The owner, the GM, and the incident report shed some light on the bizarre March crash.

@masonbutler via Twitter

When a University of Minnesota Campus Connector bus smashed into Acadia Cafe this past March, our initial reaction was neatly summarized in two words: holy shit!

That sentiment was reinforced when the Minneapolis bar/venue’s owner, Brad Cimaglio, released surveillance footage of the driver lodging two-thirds of the bus inside the 121-year-old West Bank building.

In the following months, we’d learn little more about what, exactly, the hell happened.

A GoFundMe raised $13,000+ to help pay out-of-work staffers; in addition to a forgivable PPP loan, Cimaglio says he took out an $80,000 loan to keep ’em paid as they found new jobs. Acadia workers expressed “anger and disbelief” toward the U of M’s lack of communication via the Minnesota Daily in April. In a statement to the Daily, a U spokesman noted that insurance and liability concerns fall to the third-party bus operator, Cincinnati-based First Transit, and that the university couldn’t comment while the investigation remained open.

Here’s what we now know, per the UMPD investigation that concluded in May.

“[The 87-year-old bus driver] said that there was a blue-colored Toyota sedan waiting at the red light and that when he tried to stop behind the Toyota but [sic] the bus’s brakes did not work,” one responding officer writes in the incident report. “To avoid striking the Toyota, [the driver] turned the bus to the right and again could not brake, at which point the bus struck the Acadia Bar & Grill.” (An eyewitness offered a similar, matter-of-fact, Milhouse-ian account of watching a bus drive through a building.)
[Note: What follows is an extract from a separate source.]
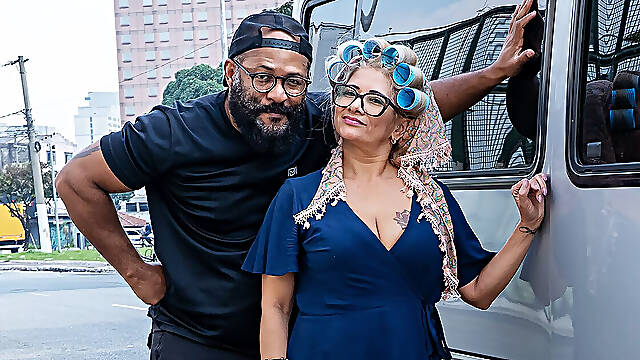 Busty Housewife Tried Very Hard Ass Fucking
The bus had just one passenger—a 21-year-old student sitting near the back looking at his iPad. He looked up “just before the accident” and tumbled into the aisle, suffering only superficial scrapes. Miraculously, nobody—not the driver, passenger, two Acadia workers, or anyone else near the intersection—was injured. (Semi-hilariously, the report personifies the lone “VICTIM” as “ACADIA CAFE.”)

A vehicle inspection conducted by the Minnesota State Patrol “did not reveal any major equipment malfunctions with the bus, including the braking system” and found “that a defective braking system could not be responsible for the crash,” according to the inspection report. Officials wanted to charge the driver with careless driving, though the Minneapolis City Attorney’s Office concluded in May that “sufficient evidence” did not exist to meet that burden of proof.
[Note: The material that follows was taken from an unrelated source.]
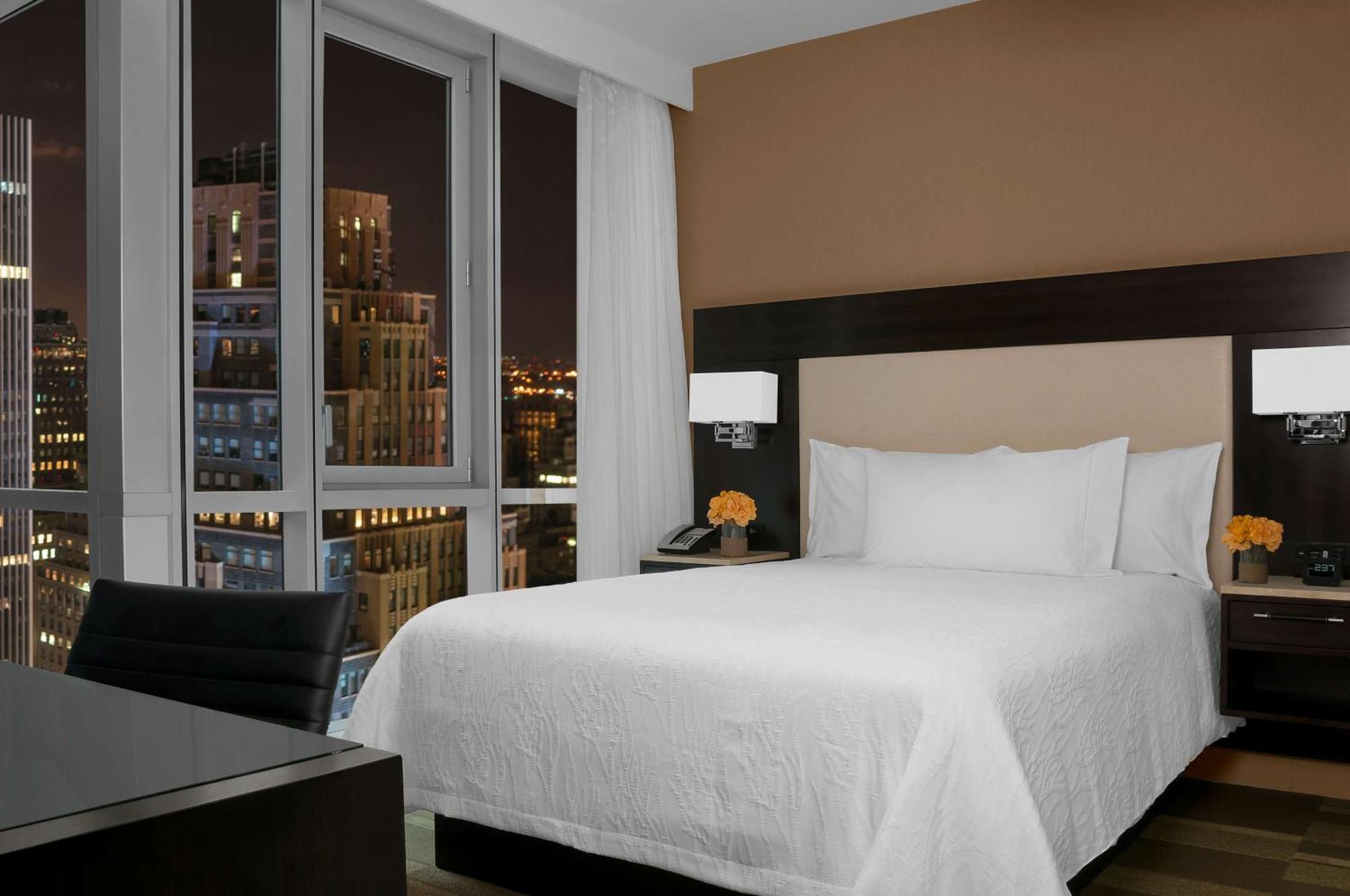 Hilton Garden Inn New York - Times Square Central Экстерьер фото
“We’re probably never actually going to know what happened,” says Katie Essler, Acadia’s general manager. “The best running theory, and this is speculation, is that the road was reflecting off our windows, and it looked like the right turn lane. But it was just the windows…”

“People make mistakes at work all the time, and his mistake just happened to be a big one,” adds Cimaglio, who purchased Acadia in 2020 and immediately invested “a ton of money” to upgrade the space.

Acadia is currently stuck in insurance limbo. Repair costs will approach $200,000, Cimaglio says, and the bar has paid over $100,000 in expenses since the crash. The owner suspects his landlord, Mutual Management Co., will face a similar repair bill for damage to the historic building’s exterior.

Cimaglio, who also owns both Black Coffee & Waffle Bar locations, isn’t giving up on Acadia. The permitting process is underway for repairs, even though it’s unclear how much of the bill will be footed by insurance. Making matters more expensive: Getting the ancient building up to modern code. “Our actual bar doesn’t just have to be rebuilt—it has to be moved nine inches forward to meet a certain code, for example,” Cimaglio reports. But the owner and his GM are confident Acadia could be up ‘n’ running by next January, almost a full year removed from the strange crash.

“It wouldn’t be a fun story if anyone had been hurt, but everyone got out unscathed, at least physically,” Essler says. “So now we kinda get to laugh about it, which is nice.”